As we close one week and begin the next, we prepare to do likewise with the month. Tomorrow, we have one extra day to call February, but in this place, the air already speaks in April’s voice. The air is warm, if the wind sharp, and the clouds hint at the promise of rain, although they persist in holding it tantalizingly out of reach. The earth has now thawed completely, inches of mud well on their way to drying out, and our own thoughts have turned to the planting season.
It’s early days, of course; there will still be snow, and much more of it, before winter looses its grip entirely. But climate change has brought the warmth sooner than usual, and we must recalibrate accordingly. In the meantime, the sun and the softer air have ushered in a return to the feel of the this place, the one with which most people are familiar: spirits and shades of sun and sky, of the colors of the desert as the song of the ancients.
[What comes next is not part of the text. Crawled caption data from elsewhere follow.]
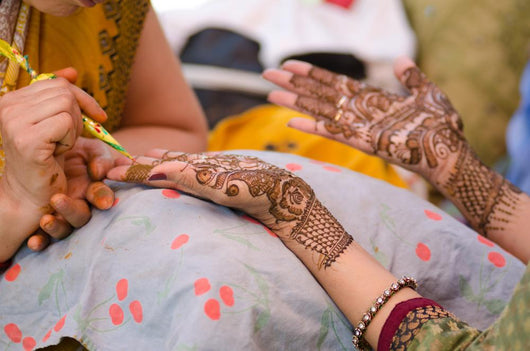 Henna Application Wedding Bride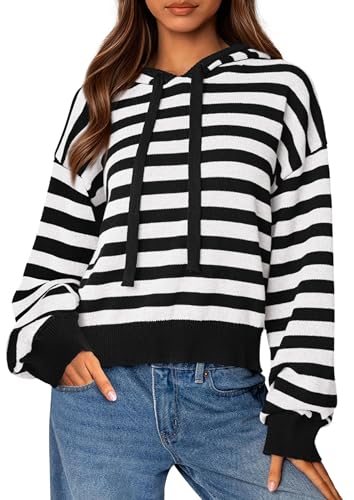 Striped Hoodie Fall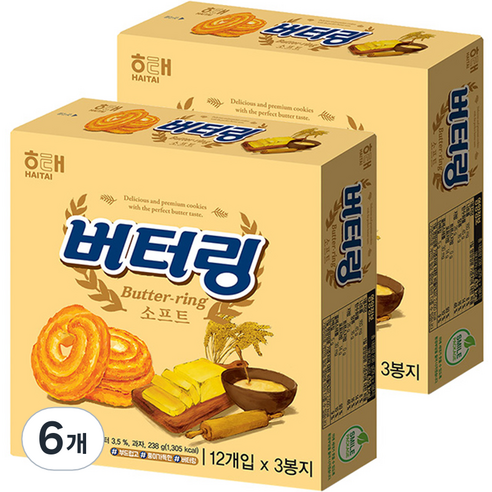 버터링 소프트, 238g, 6개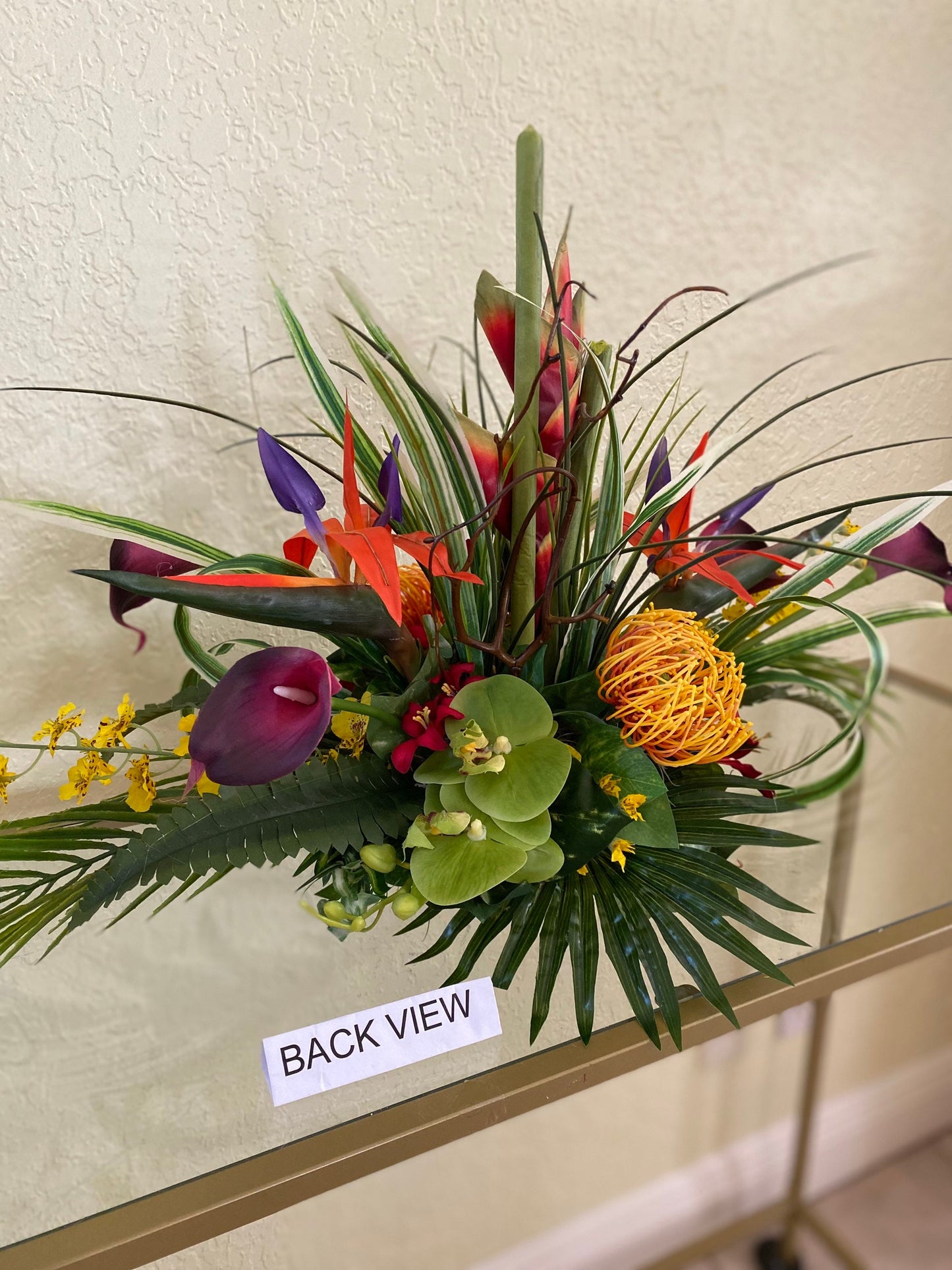Exotic Floral Arrangement: Heliconia, Bird of Paradise Centerpiece
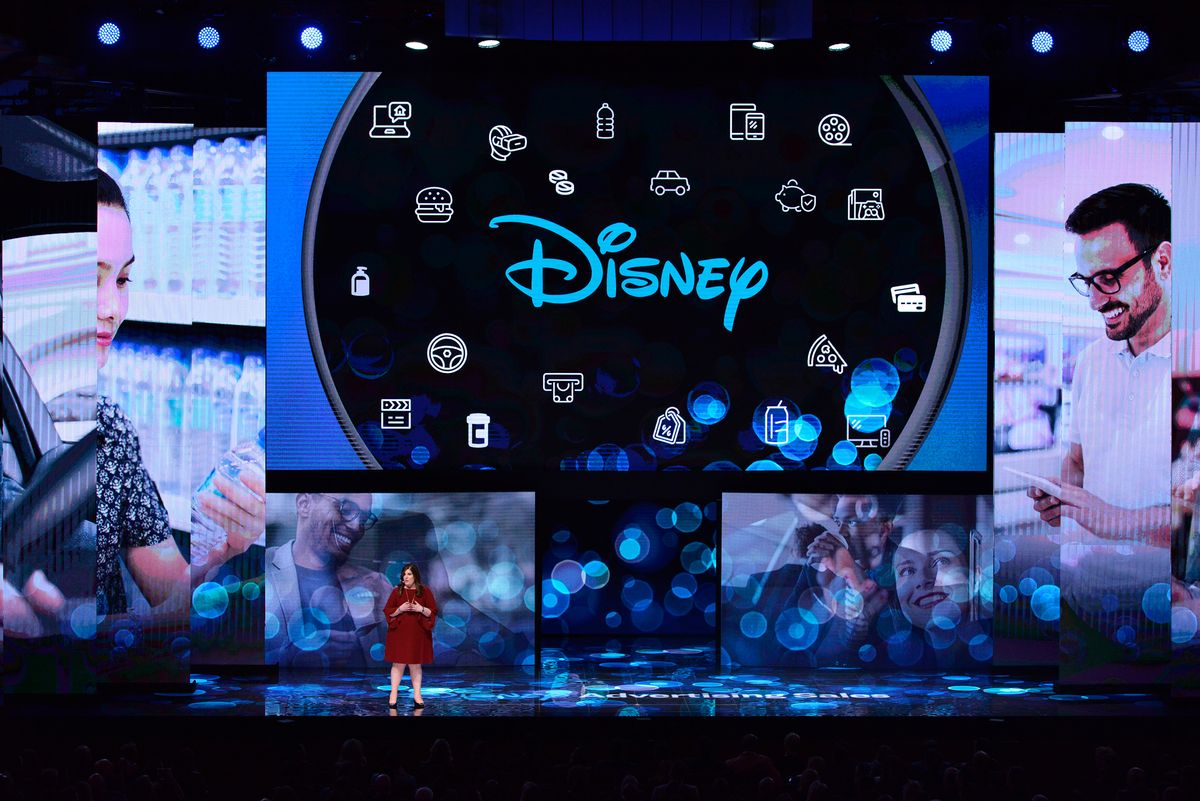 Rita Ferro, president of Disney Ad Sales, during Disney&#039;s 2019 upfront presentation.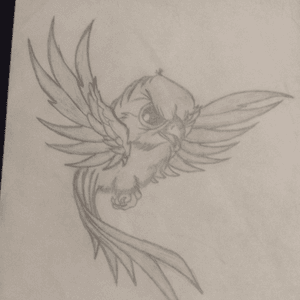 My mums tattoo design thats I design for her 50th brithday #birdy 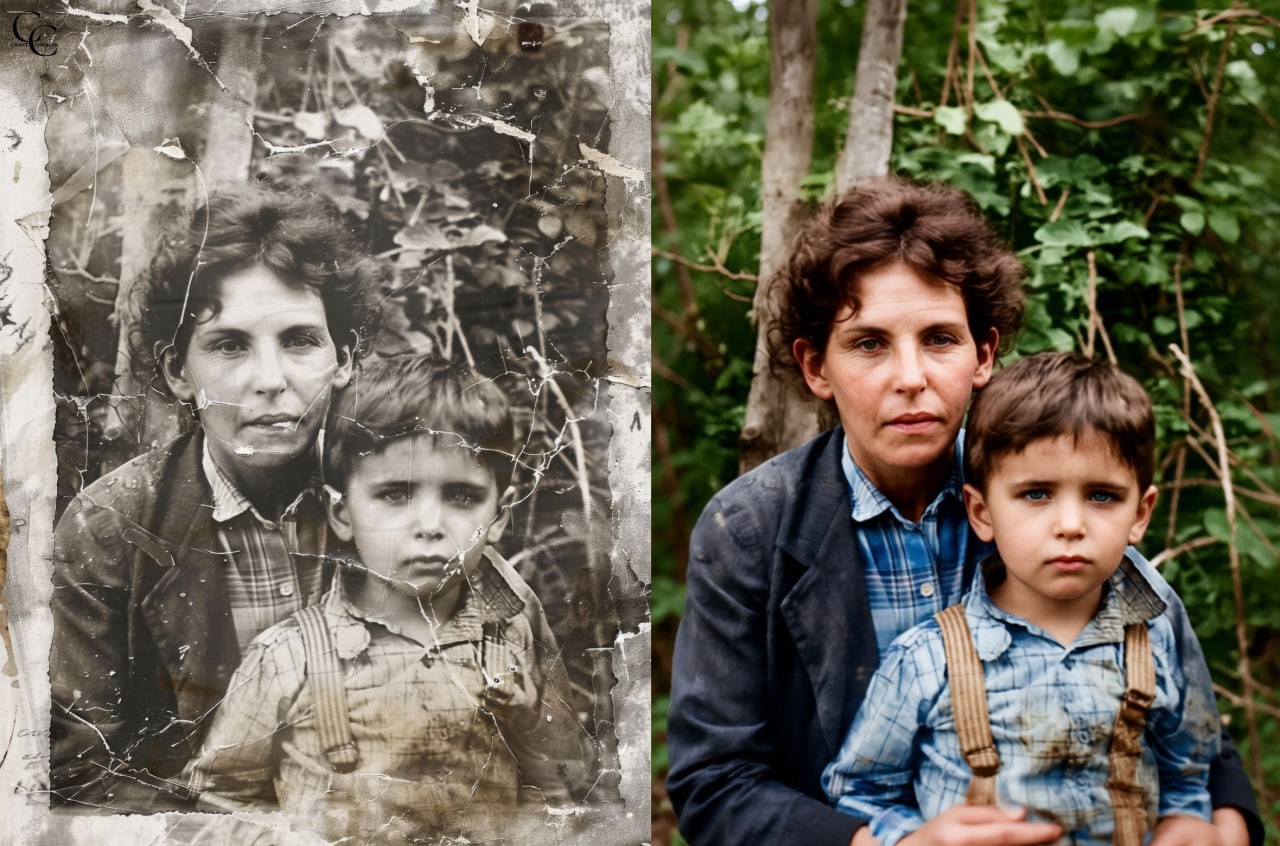 Recolor - vintage photo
As we close out a week that has explored themes of inherent spirits, of allowing them to speak for themselves, it’s fitting to begin the coming week with Wings’s latest, a work that does exactly that. From its description in the Bracelets Gallery here on the site:
Water and Sky Coil Bracelet
Wings pulls two elements into a colorful vortex with this coral bracelet in fiercely traditional substances and shades. Ancient spirits of the waters join with the Skystone, itself a product of the influences of earth and fire, to create a spiraling hoop that evokes the powers of the desert Southwest. Lengths of chunky little nuggets of spiderweb turquoise, sky blue with just a hint of green, are flanked by green turquoise barrel beads. Each segment is separated by matched lengths of softly apricot-hued melon-shell heishi, each centered by a single old barrel bead of blood-red branch coral. A single coral bead anchors the coil at either end. Joint design by Wings and Aji.
Stainless steel; turquoise; melon-shell heishi; branch coral
$225 + shipping, handling, and insurance
Of all of the bracelets in Wings’s new collection of coils, this one is, perhaps, his personal favorite. He loves the colors and the combination of materials, a throwback to tradition, to forms of adornment from his childhood, and to times much earlier yet. The combination of chunky, only barely polished nuggets of turquoise paired with the iconic Pueblo beadwork form that is heishi, all accented with traditional deep red coral . . . it’s the colors of this place, of warm earth and bright sky, of pale dawns and fiery sunsets, of sandy clay and blue waters, all brought together in one repeating, endlessly spiraling hoop.
It’s a perfect image for this season much of the rest of the world calls Lent: a reminder that we are soon to leave behind winter’s privations and enter a new season of abundance. Here, we will do that in the old way, honoring the spirits of water and sky as we go.